La scena (Gianni Carluccio) è sobria e suggestiva nella sua porzione sabbiosa, che è quella prevalente, su cui torreggiano tronchi di divinità alla maniera delle sculture dell'Isola di Pasqua ed è qua e là cosparsa, la scena, da pezzi di stoffa, quasi sottili zattere di salvezza per le donne in fuga. In alto,a sinistra, i musici, necessari e talentuosi, tutti (Antonio Vasta a fisarmonica-zampogna, Antonio Putzu ai fiati, Manfredi Tumminello a chitarra-bouzouki, Giorgio Rizzo alle percussioni non senza la strepitosa voce-strumento di Faisal Taher, già Kunsertu e ottimo interlocutore di Dounia); sul fondo, la porta della città che alla fine sarà punteggiata da una luminaria in vago odore di festa di paese.

Dal cantastorie in avanti e indietro (sarà ancora lui, dopo l'invocazione del Coro “Viva l'accoglienza e ‘a libertà!”, a chiudere promettendo nuovi cunti tra memoria e futuro: “Si passu di ccà, datimi ascutu/ ca vi cuntu chiddu c'aja sin tutu”), ecco l'aspro conflitto interiore di Pelasgo (accogliere le fuggiasche per non incorrere nell'ira di Zeus o temere le rappresaglie degli Egizi e dunque nuove guerre per i suoi?), la lieta notizia della concessa ospitalità che Danao stesso porta alle sue figlie, il tremendo assalto dal mare, la preghiera delle “supplici” che implorano a Zeus la vittoria sui maschi.

Il cunto va.

E va benissimo nella performance di un Coro ben istruito sotto ogni aspetto: la mimesi, accorata e pregnante e la prestazione vocale specialmente, con mirabili intervalli di tonica-dominante-settima sostenuti con fluidità, leggerezza, intensità: l'effetto è innegabilmente coinvolgente. Tra loro, una Corifea le rappresenta ed interviene sempre a loro nome, è Donatella Finocchiaro che qui ritrova una consistenza attoriale finora ben evidente solo al cinema ma non altrettanto a teatro. Gran bella prova per Angelo Tosto-Danao, che in fondo è perfettamente a suo agio nella cifra di “cantattore” che gli è da sempre la più congeniale. Ostentatamente arrogante quanto basta l'Araldo degli Egizi (Marco Guerzoni) che schernisce la cavea in groppa ad un cavallo di legno un po' troppo proteiforme e un po' troppo fiabesco per completare a dovere l'effetto (relativamente) sorpresa dei “barbari” egizi a passo d'oca.

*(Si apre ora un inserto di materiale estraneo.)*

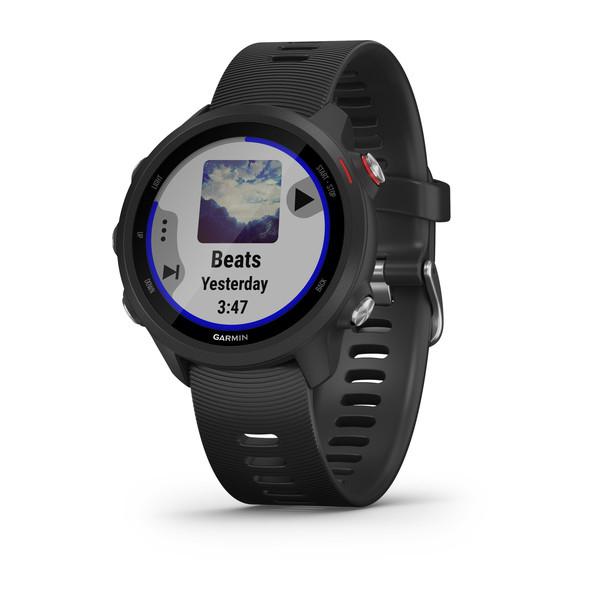 Monitor Cardíaco de Pulso com GPS Garmin Forerunner 245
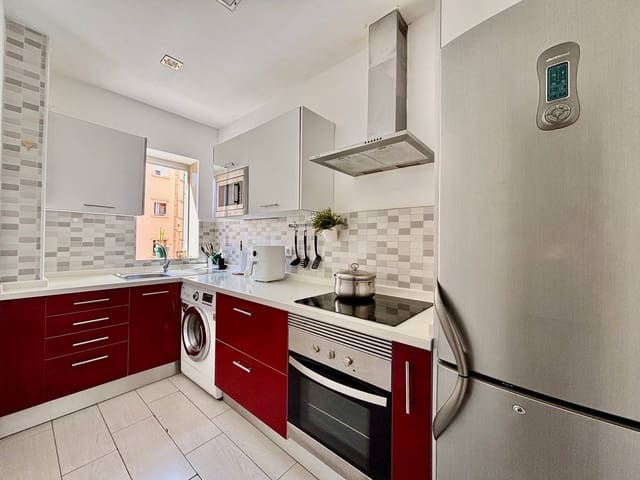 3 Zimmer Wohnung zu verkaufen in Escaleritas, Las Palmas de Gran Canaria - 148.000 € (Ref: 9721710)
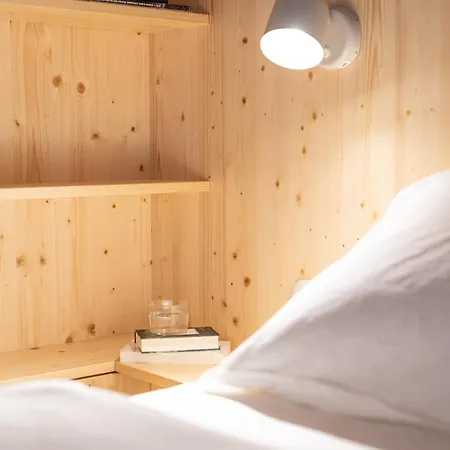 Prázdninový dům Tiny House Amelie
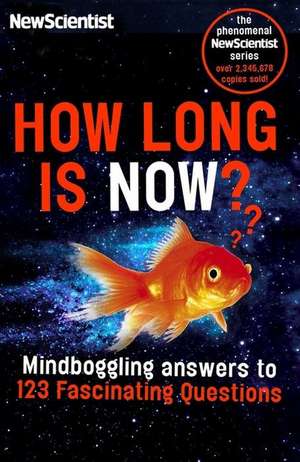 How Long Is Now? de New Scientist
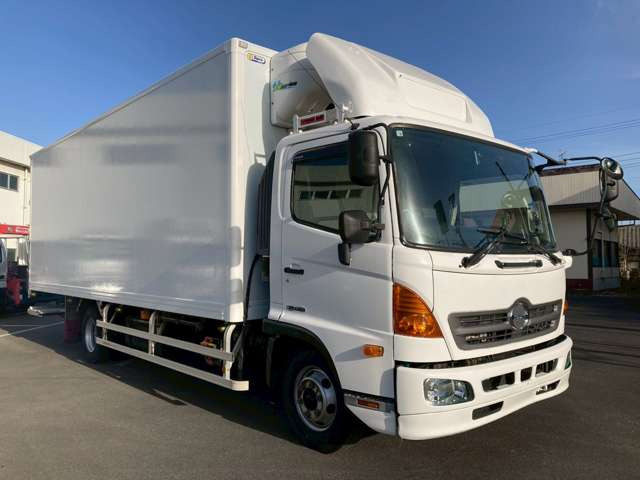 運転免許:中型 エンジン馬力:240馬力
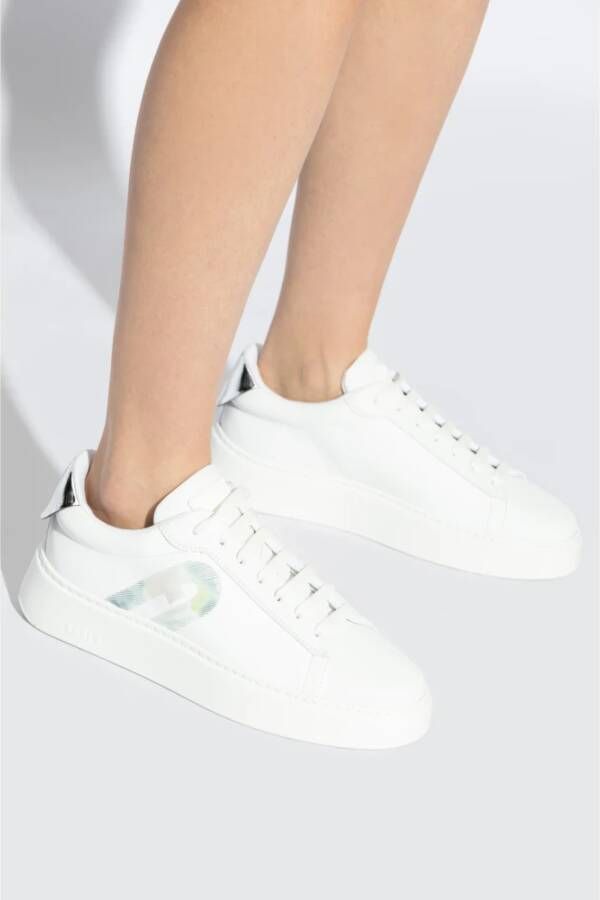 Furla Sport Sneakers White Dames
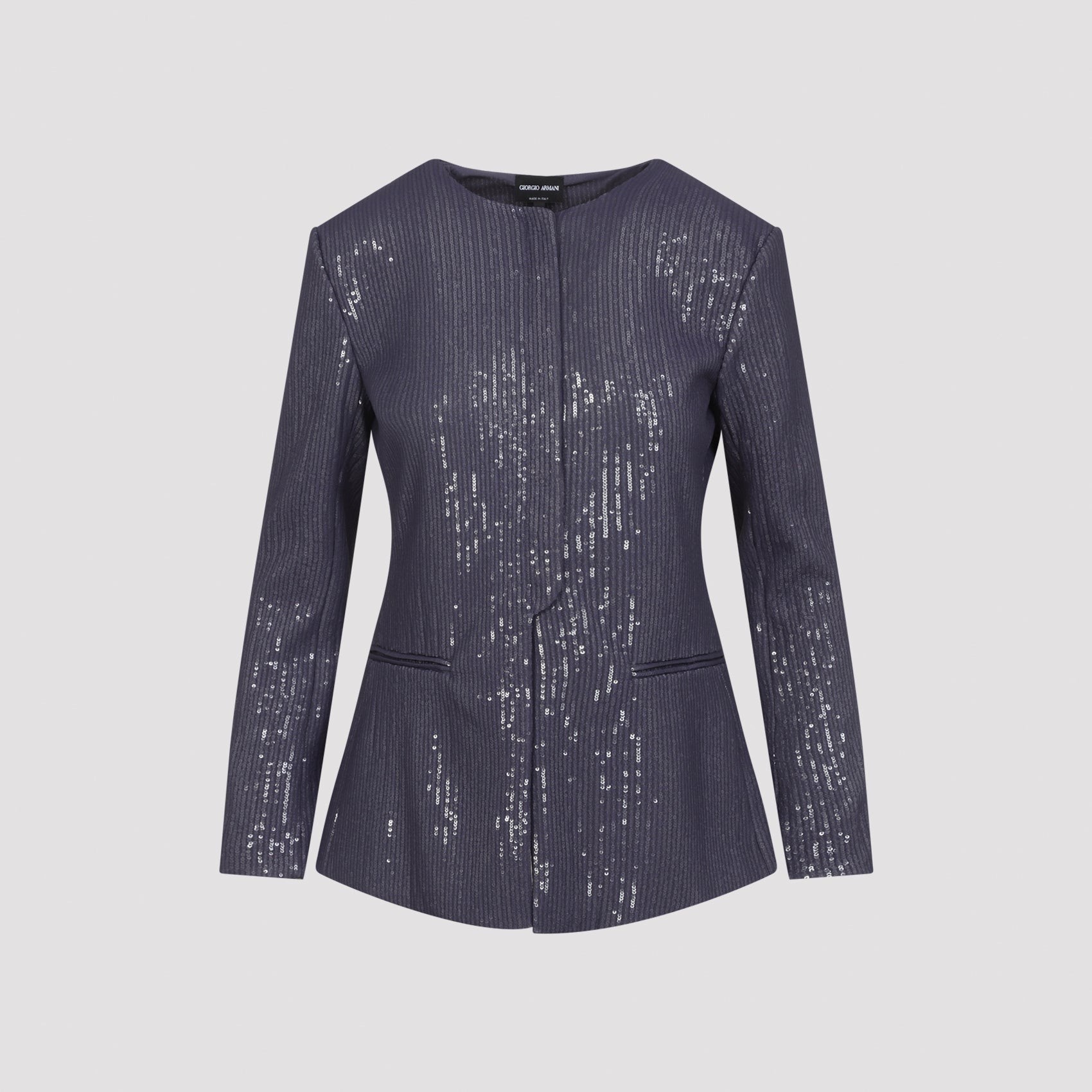 Giorgio Armani Blazer - Pink & Purple | faee18b39555509751ae75771b5c0ee304bdade5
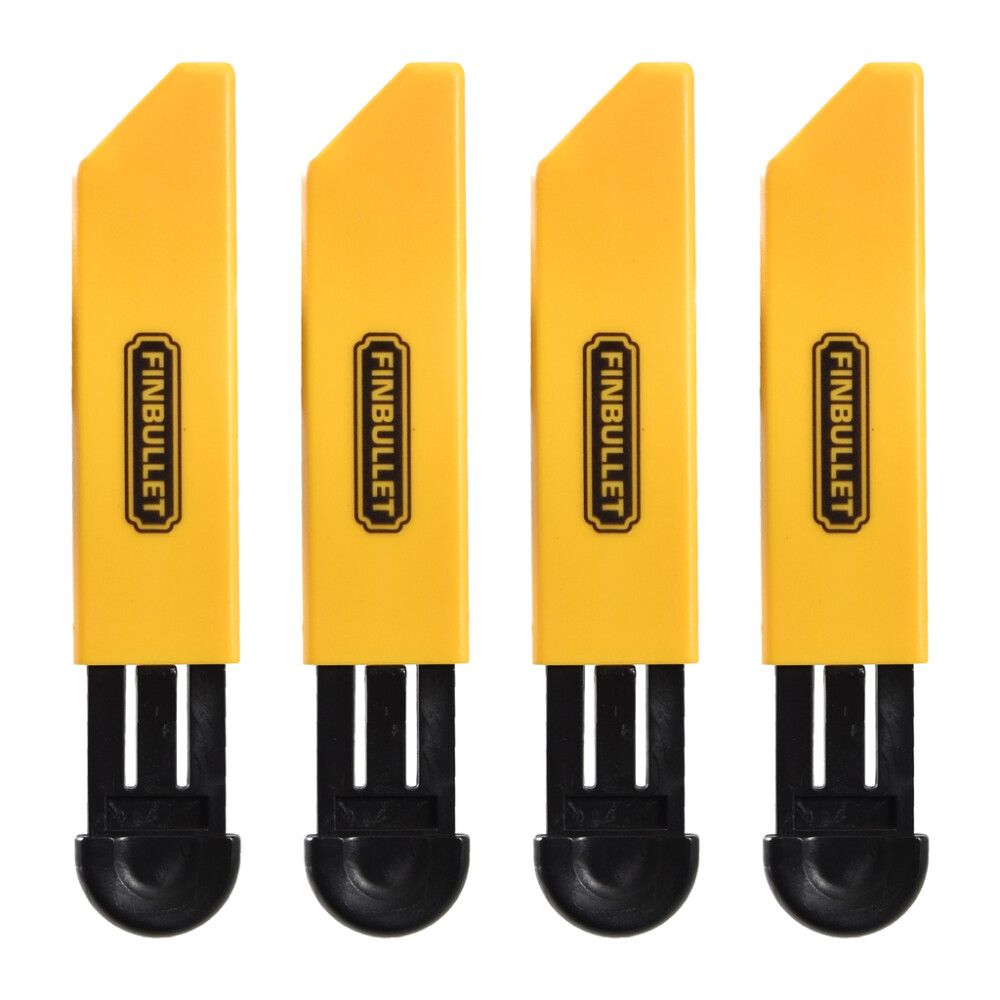 Turvanugade koplekt Finbullet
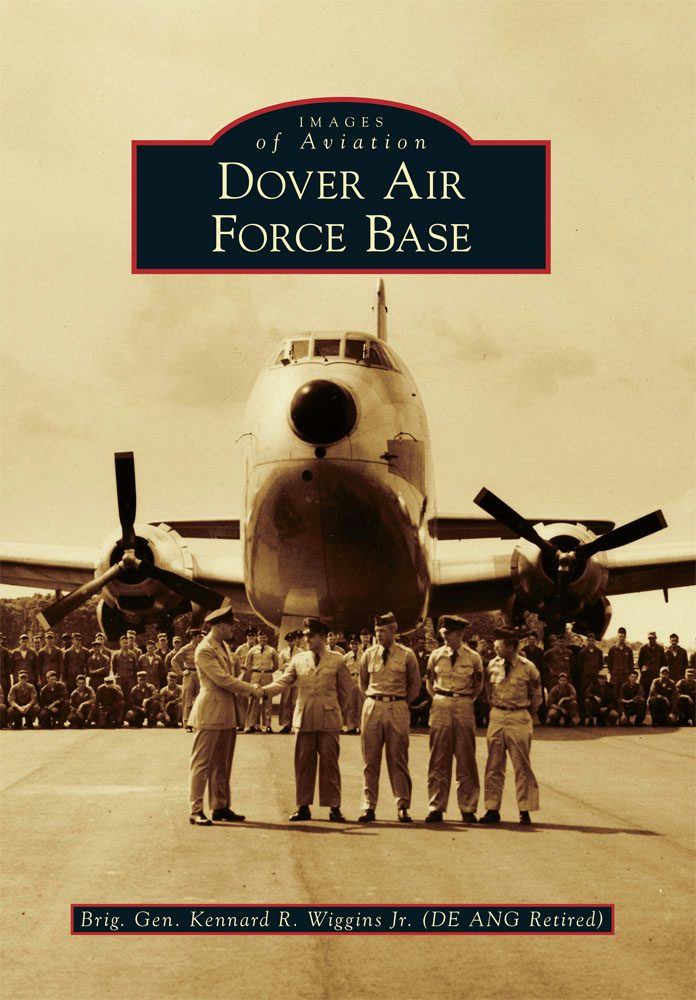 Dover Air Force Base, Delaware: Kennard R. Wiggins Jr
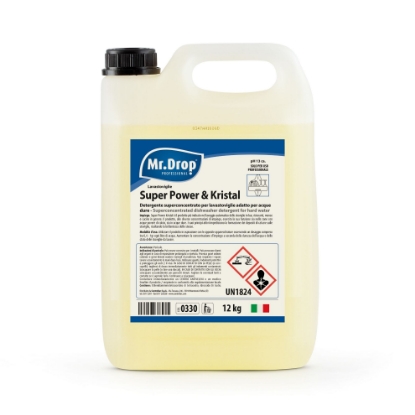 Immagine di SUPER POWER & KRISTAL tanica kg.12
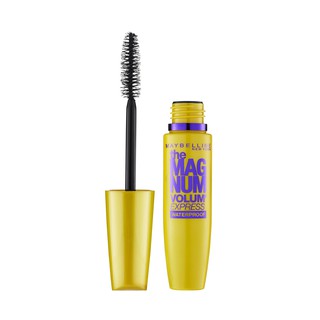 Mascara Làm Dày Mi Maybelline The Magnum Waterproof Mascara 9.2ml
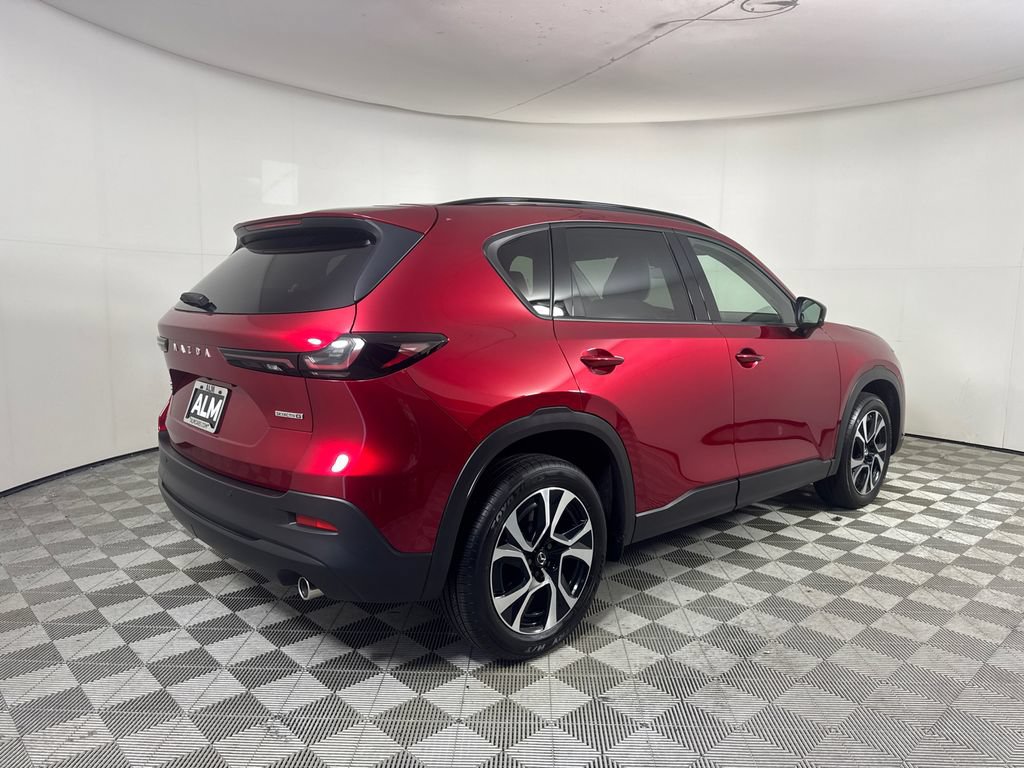 Certified 2026 MAZDA CX-5 Preferred AWD/4WD image 6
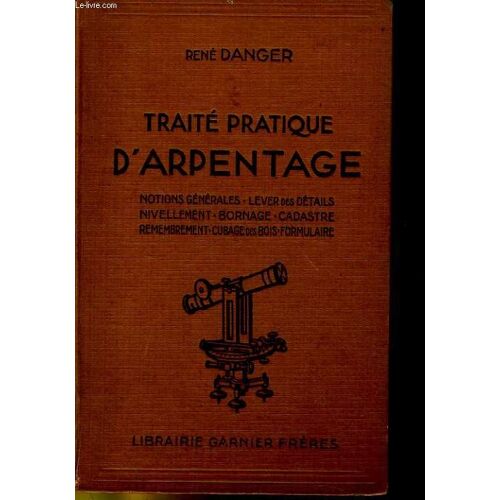 Traite Pratique D'arpentage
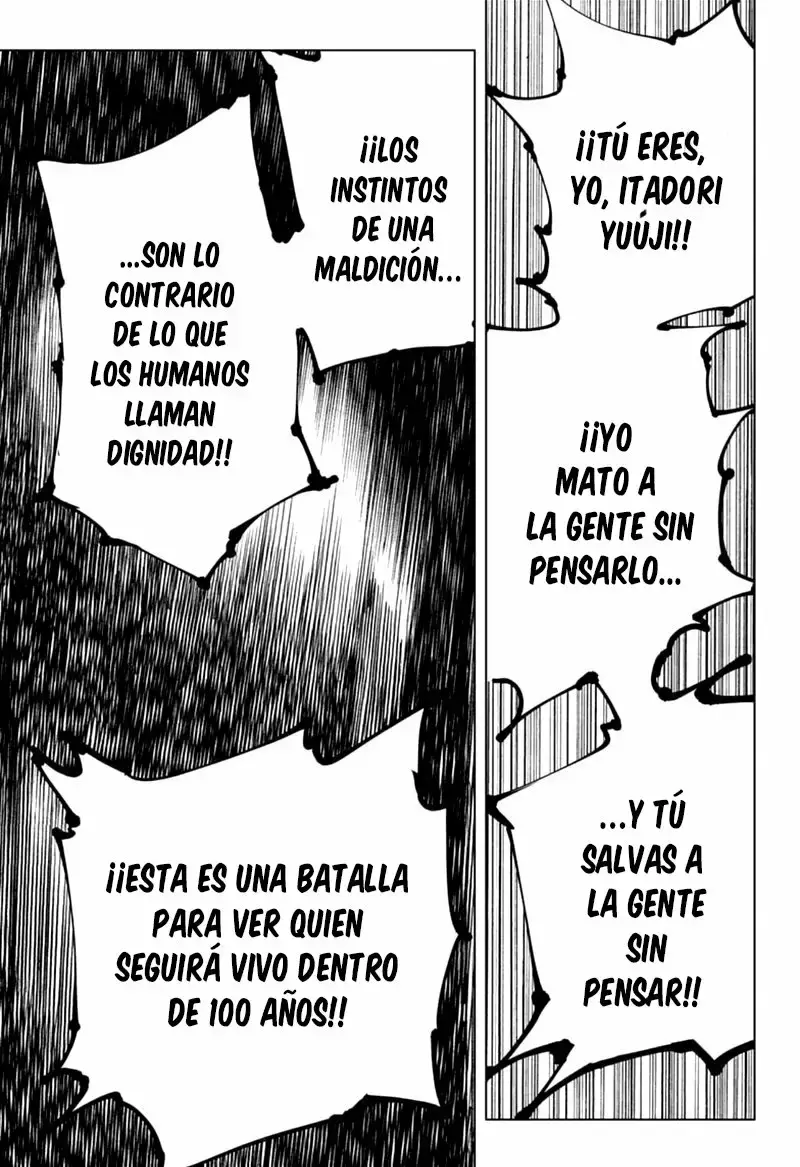 Read Jujutsu Kaisen (es) Manga Online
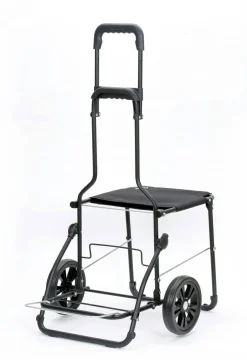 Andersen Einkaufsroller mit Sitzmöglichkeit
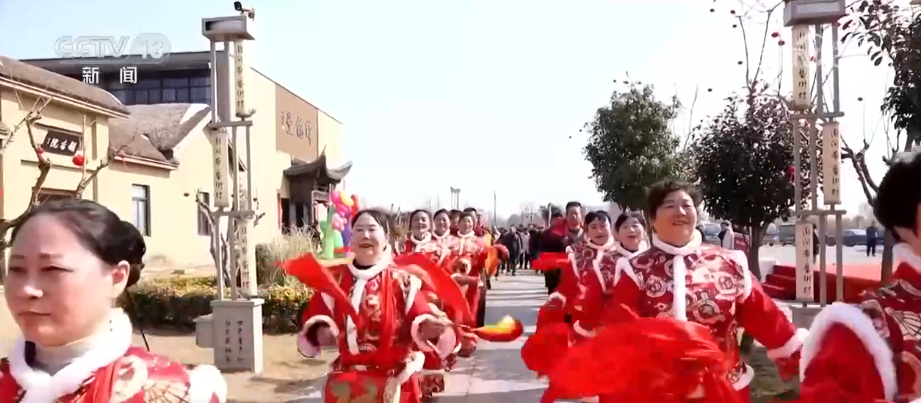 从民俗展演到非遗体验从新春大集到惠民消费文旅融合激活传统年味(图3)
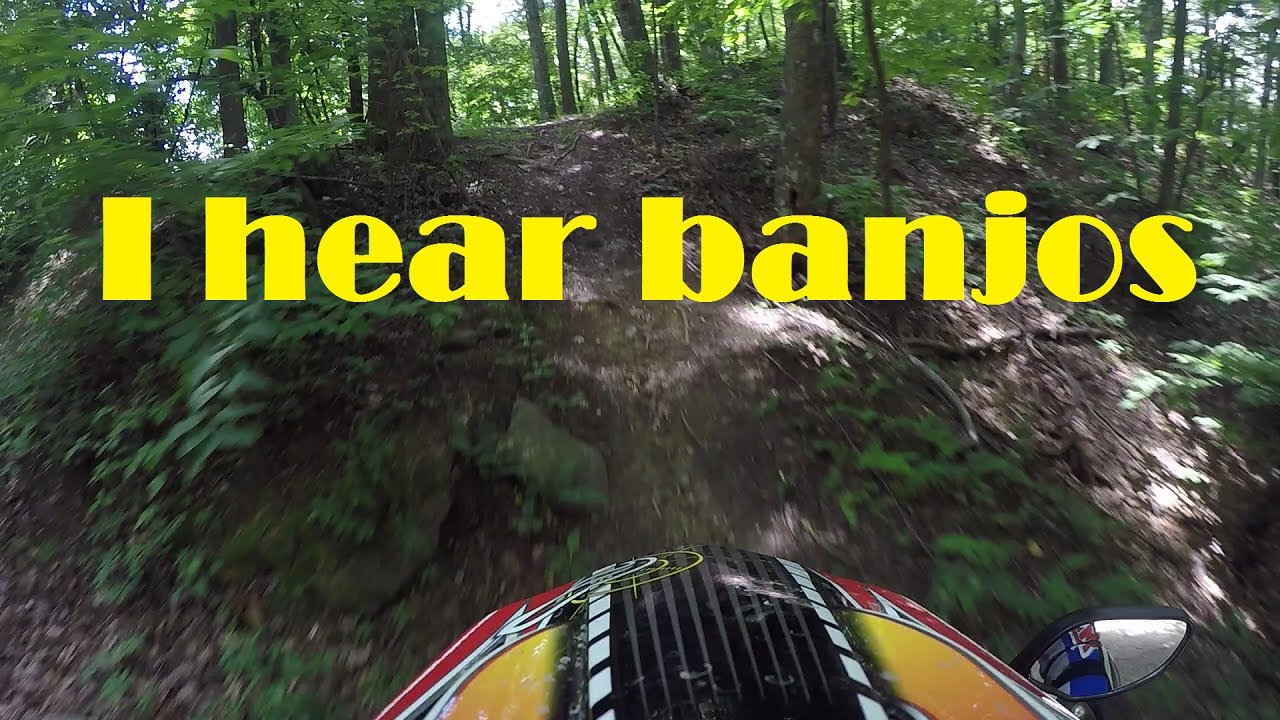 July CRF250L Adventure  - Pt 1 - Forest Roads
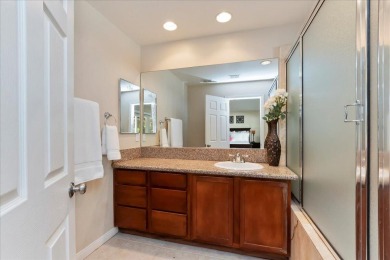 Welcome to your private desert oasis in La Quinta Cove! This on Tradition Golf Club in California - for sale on GolfHomes.com, golf home, golf lot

Più che Pelasgo, Moni Ovadia fa Moni Ovadia, da sempre battitore libero di buonsenso civile e “madre dignità”, cantore dotatissimo e disinvolto, dalla musica chassidica (a cui sembrano appena ammiccare le note che accompagnano il suo primo ingresso) a melodie segnatamente mediterranee.

E vissero felici e cuntenti.

E se il musical, da un canto, è un modo per fare la tragedia scansandone il peso, i dilemmi, le incertezze, le congetture drammaturgiche e drammatiche trovando (o credendo di trovare) certezze in tematiche che chiamiamo contemporanee ma che in realtà sono antichissime, dall'altro, fa della musica (e non della tragodìa) l'unica vera terra di democrazia, accogliente e sterminata. Senza confini, direbbe Ovadia.

Carmelita Celi

16/5/2015

Le foto del servizio sono di Maria Pia Ballarino.